(Data shown begins)

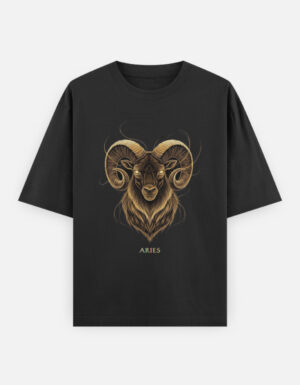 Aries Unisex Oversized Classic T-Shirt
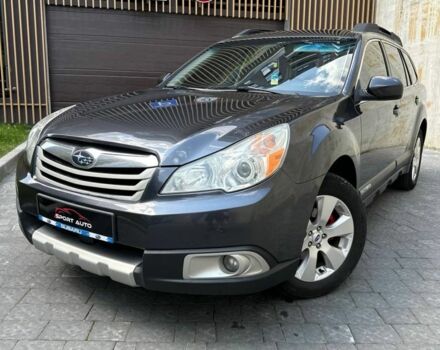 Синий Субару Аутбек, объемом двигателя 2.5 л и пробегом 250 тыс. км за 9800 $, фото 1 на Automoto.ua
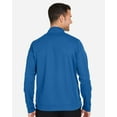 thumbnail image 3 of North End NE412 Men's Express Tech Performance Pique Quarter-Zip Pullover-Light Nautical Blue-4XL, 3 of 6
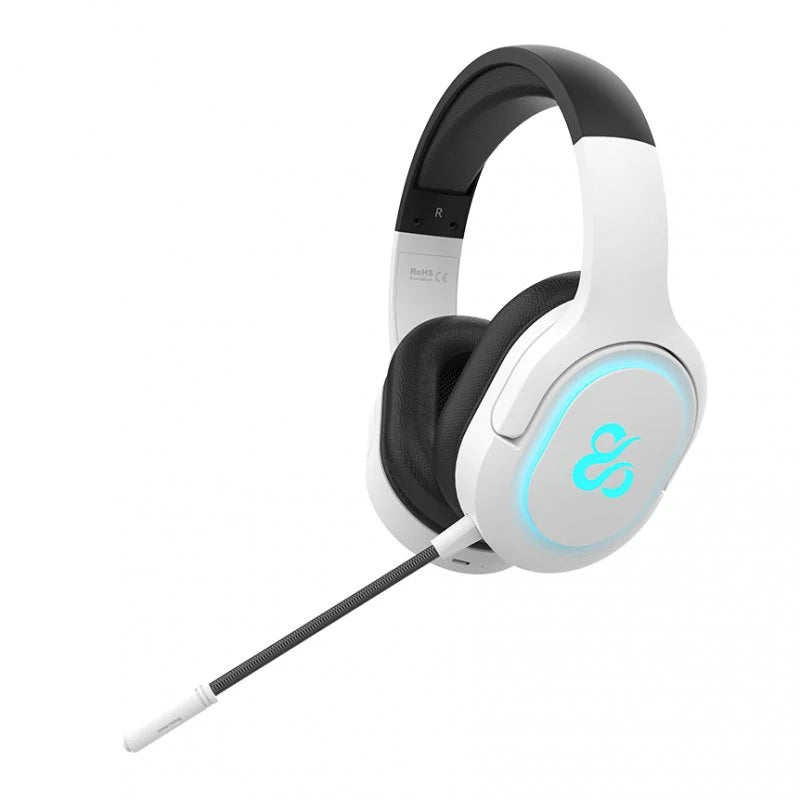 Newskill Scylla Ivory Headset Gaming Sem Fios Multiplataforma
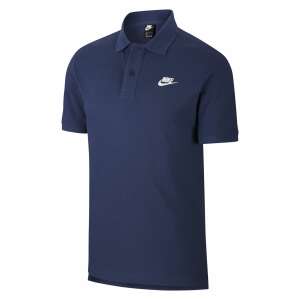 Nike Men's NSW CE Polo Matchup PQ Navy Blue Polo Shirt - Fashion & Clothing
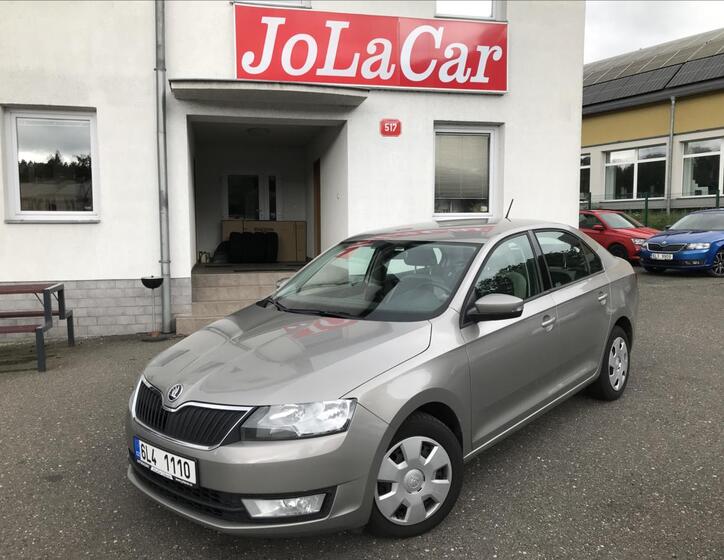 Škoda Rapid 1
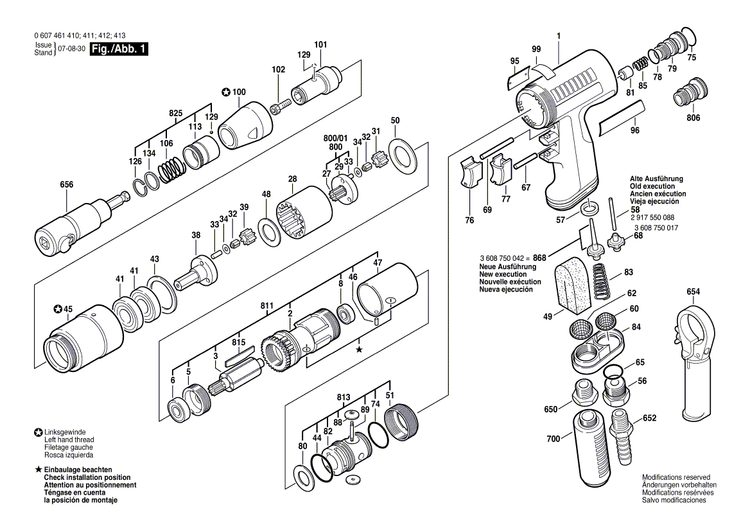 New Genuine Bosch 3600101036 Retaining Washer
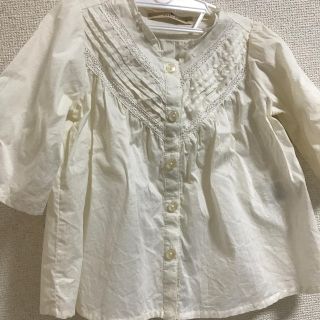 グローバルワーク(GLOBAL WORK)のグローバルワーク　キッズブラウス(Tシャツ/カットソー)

(Data shown ends)

> Brief
Work from the entries above. Set down exactly and only the lines from the line with "Синий Субару Аутбек, объемом" to the line with "Newskill Scylla Ivory", both included, and leave the pictures out.

> Problem solution
 Синий Субару Аутбек, объемом двигателя 2.5 л и пробегом 250 тыс. км за 9800 $, фото 1 на Automoto.ua
 thumbnail image 3 of North End NE412 Men's Express Tech Performance Pique Quarter-Zip Pullover-Light Nautical Blue-4XL, 3 of 6
 Newskill Scylla Ivory Headset Gaming Sem Fios Multiplataforma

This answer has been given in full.